New favorite workout

My daily workouts have long consisted of a mix of cardio and strength training. I’ve always taken advantage of free gym memberships when they have been available, though I have had no such option since leaving the city over four years ago.

Lately, I’ve been inclined toward free/cheap workouts that can be done with minimal commuting or equipment. Why pay for a gym membership, when you can do an upper-body workout with a pull-up bar, a yoga mat, and a few dumbbells, all without leaving your house? A lot of my biking—mountain and road/gravel—can be done without needing to drive anywhere (yes, I am spoiled to live where I do). Nordic skiing is only a fifteen drive away too (terrific cardio, but it requires maintaining equipment and commuting).

A recent book, Outlive: The Science & Art of Longevity, by Peter Attia, MD, introduced me to the workout of “rucking”: walking with a heavy backpack (more info). In a way, I’ve been rucking already during summer backpacking trips or winter ski traverses, though I hardly touch my expedition backpack outside of such trips.

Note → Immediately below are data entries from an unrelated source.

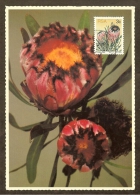 AFRIQUE SUD Carte Maximum - Protea Neriifolia - Other & Unclassified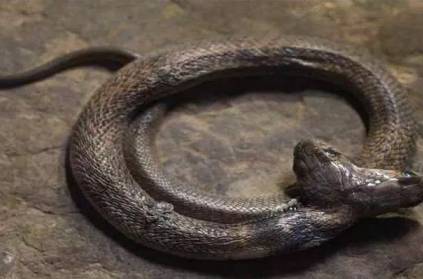 Rare two-headed cobra rescued in Uttarakhand’s Dehradun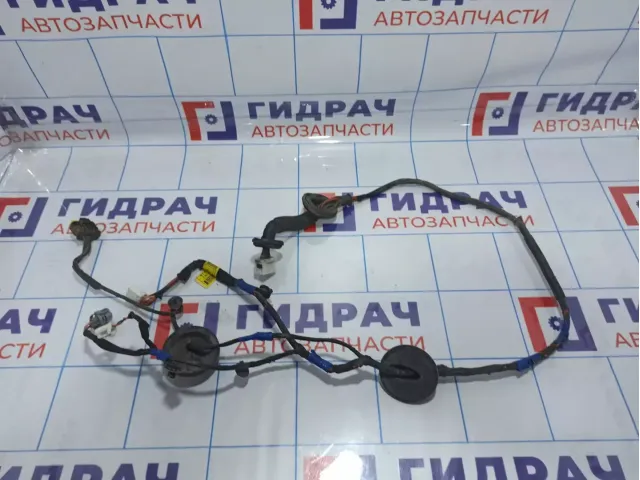 Проводка двери задней правой Hyundai Santa Fe (CM) 91660-2B010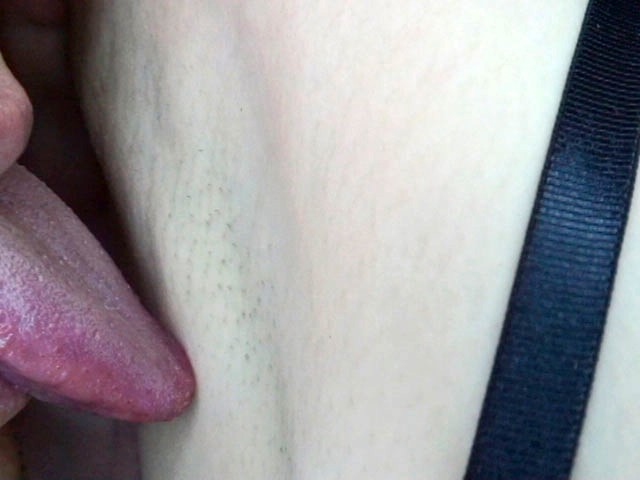 サンプル画像 6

Given my slender dimensions, I get major hip chafing when hauling around a big backpack on multi-day trips. I pre-emptively tape my iliac crests before such undertakings, though the first few days are usually uncomfortable when backpack weights start exceeding 45 pounds.

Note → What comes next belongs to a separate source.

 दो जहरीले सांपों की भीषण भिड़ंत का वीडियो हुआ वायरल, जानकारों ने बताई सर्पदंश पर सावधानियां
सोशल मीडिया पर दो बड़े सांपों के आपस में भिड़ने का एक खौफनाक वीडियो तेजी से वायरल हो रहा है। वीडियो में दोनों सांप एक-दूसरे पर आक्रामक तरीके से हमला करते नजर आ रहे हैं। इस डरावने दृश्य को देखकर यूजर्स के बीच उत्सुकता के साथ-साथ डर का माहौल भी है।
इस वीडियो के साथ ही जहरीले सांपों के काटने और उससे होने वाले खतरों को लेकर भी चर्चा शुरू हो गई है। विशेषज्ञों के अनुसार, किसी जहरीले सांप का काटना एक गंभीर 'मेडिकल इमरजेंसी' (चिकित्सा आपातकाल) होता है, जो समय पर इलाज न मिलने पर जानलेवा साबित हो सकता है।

Maybe the real solution here is more functional training. Throw some weights into my 75 liter backpack and ruck around my neighborhood a few days a week. On a recent ski traverse, I felt the best carrying a heavy backpack I have in years.

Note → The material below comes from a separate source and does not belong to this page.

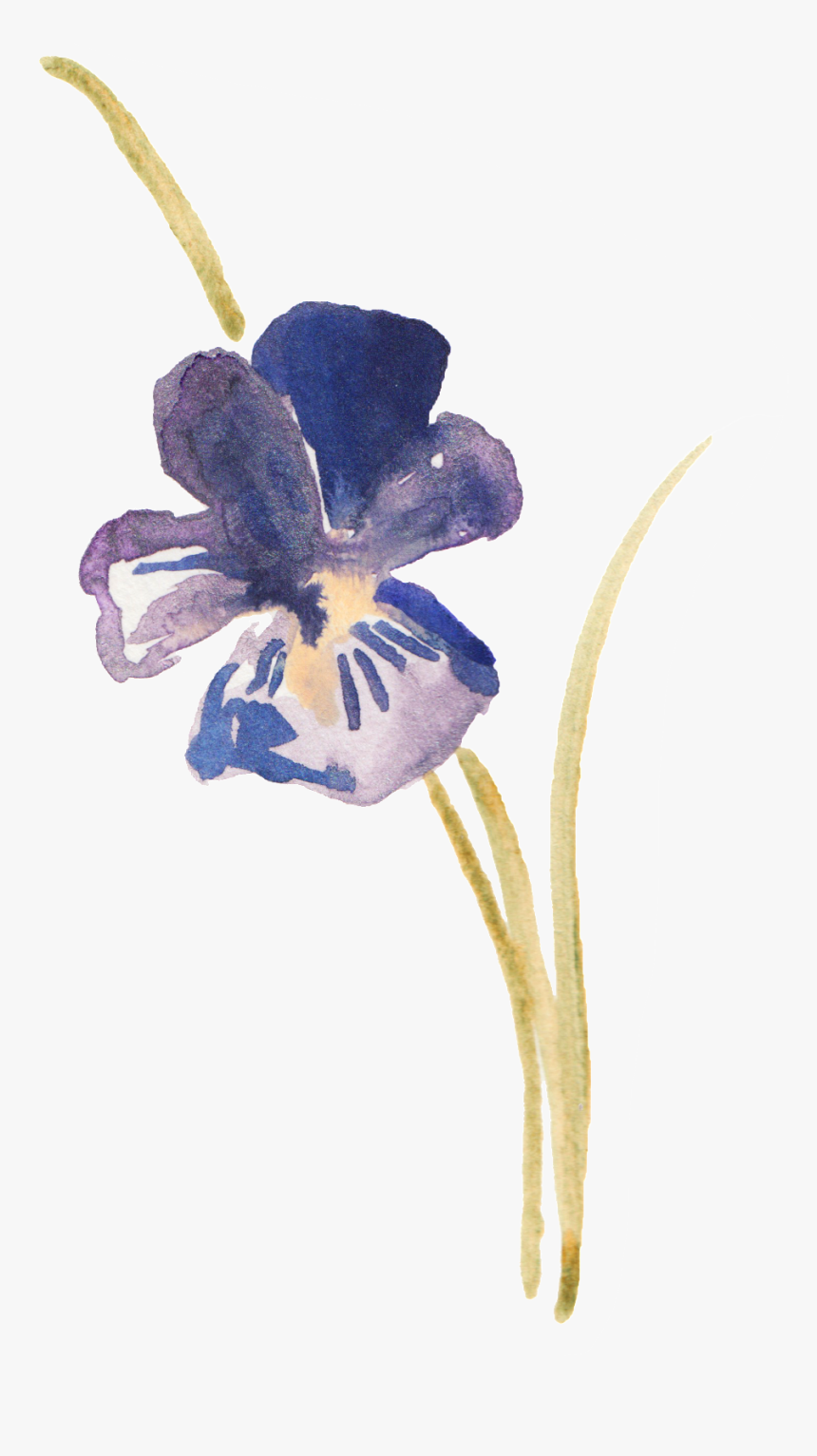 Hand Painted Platycodon Ink Painting Decorative - Watercolor Violets, HD Png Download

Simple, time-effective, free, brilliant. 👌

Starting a microblog

As my Journal usually has long gaps between posts, I have created this page to try my hand at some more frequent, shorter-form content. Given that I already have this website as a platform, I’d much rather use it for publishing such content than using an existing micro-blogging service (and being at the whims of someone else’s system). If anything, this is an encouragement to myself to journal more, something I can too easily fall behind on.